What the task asks: Nothing but the pictures should be dropped; repeat the rest of the data below exactly.

Data provided:
=======
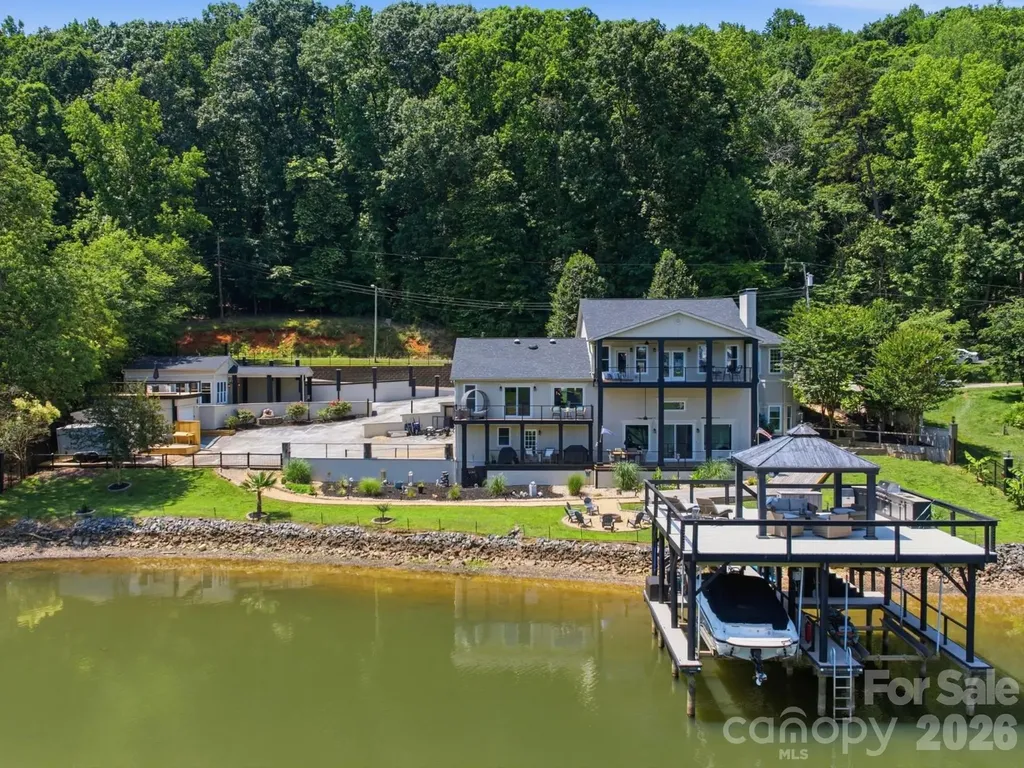 2640 Sadler Road Charlotte NC 28278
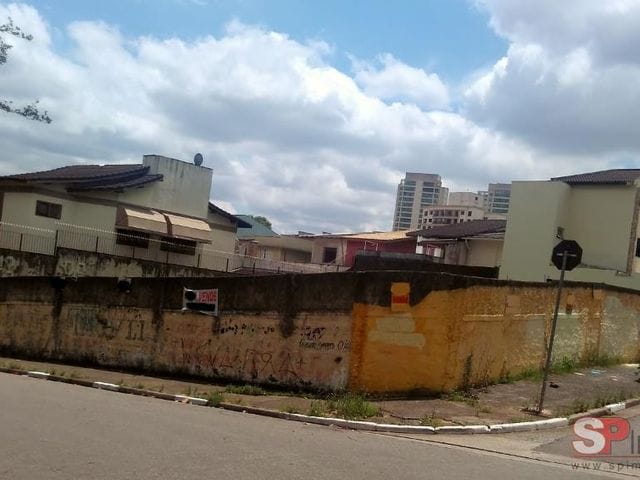 Terreno com 551m², à venda, no bairro Jardim Avelino em São Paulo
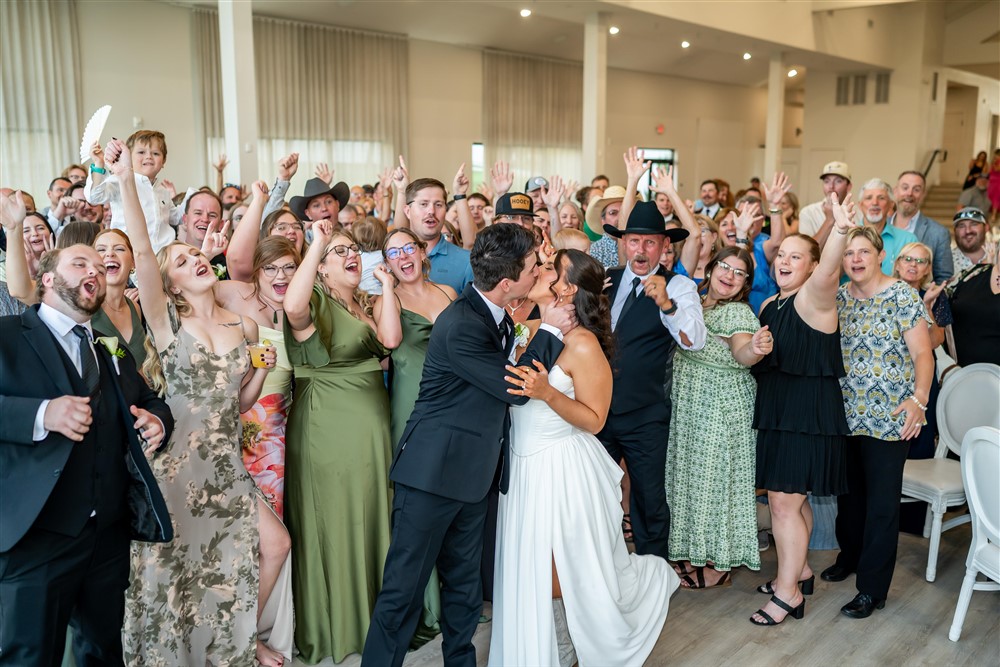 What's Included in a Tulsa Wedding Photo and Video Package?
=======
Result of the exercise:
 2640 Sadler Road Charlotte NC 28278
 Terreno com 551m², à venda, no bairro Jardim Avelino em São Paulo
 What's Included in a Tulsa Wedding Photo and Video Package?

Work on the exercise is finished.